Il nous explique qu’ils vont jouer ce soir l’intégralité du nouvel album, ce qui sera fait, mais en intercalant d’anciens titres entre les nouveaux… Le problème est que le démarrage du set frôle la catastrophe acoustiquement : la voix de Gruff est inaudible, la batterie, placée près du devant de la scène, couvrant tout, y compris les autres instruments – guitare, contrebasse, piano et mellotron. Kate Stables nous a même fait le plaisir de chanter avec Gruff sur quelques chansons, et on ne l’entend même pas. Il faut dire qu’on réalise alors qu’il n’y a pas de véritable sono de concert dans la salle, et qu’il sera donc impossible de nous offrir le son que les chansons de Gruff Rhys méritent. Alors oui, ça s’améliore au bout du troisième morceau, mais ça ne sera jamais brillant : et écouter de la musique pop raffinée, entre les Beach Boys, XTC et la bossa nova (une influence claire dans le dernier album) avec un son pourri, ce n’est pas vraiment un grand plaisir, avouons-le.
Mais bon, tout le monde fait contre mauvaise fortune bon cœur, et essaie d’apprécier ces fichues chansons magiques qu’écrit Gruff : car des choses comme Celestial Candyfloss, Silver Lining (Lead Balloons) ou They Sold My Home to Build a Skyscraper, on n’en entend pas tous les jours ! Et puis, il y a ces moments de doux délires « montypythonesques » quand Gruff et son vieux complice à la batterie communiquent avec nous via leurs fameuses pancartes (« The next 120 minutes may change your life », « Pang! », « Applause! », etc.), ou quand Gruff passe dans une broyeuse à papier les messages qu’il a demandé à certains membres du public d’écrire (la plupart se plaignant d’ailleurs de l’absence de bar dans le Solaris !), avant que les confettis en résultant nous soient balancés dessus ! En fait, on ne sait jamais quand on doit rire aux facéties incompréhensibles de Gruff Rhys, et c’est bien ce qui fait son charme…

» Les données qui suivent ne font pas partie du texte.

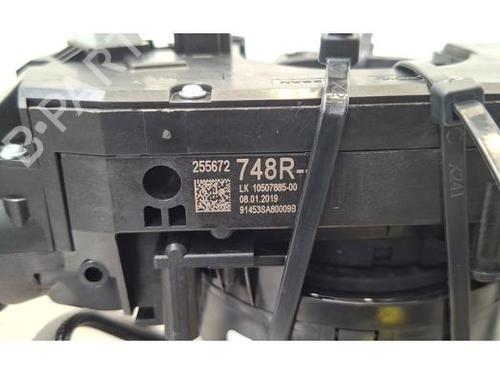 Steering column stalk RENAULT CLIO V (B7_) 1.0 TCe 100 (B7MT) | BP40070478I23 - Image 5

La dernière demi-heure du concert finit par décoller malgré tout, avec une perle comme American Interior, et une belle double conclusion en gallois, Ni Yw Y Byd et l’incontournable Gyrru Gyrru Gyrru. Il manque une dizaine de minutes pour atteindre le cap des deux heures promises (… qui auraient pu changer notre vie, donc !). On quitte Gruff Rhys après un concert un peu en demi-teinte, mais qui, dans le fond, ne change absolument rien à notre vénération pour cet artiste pop incomparable.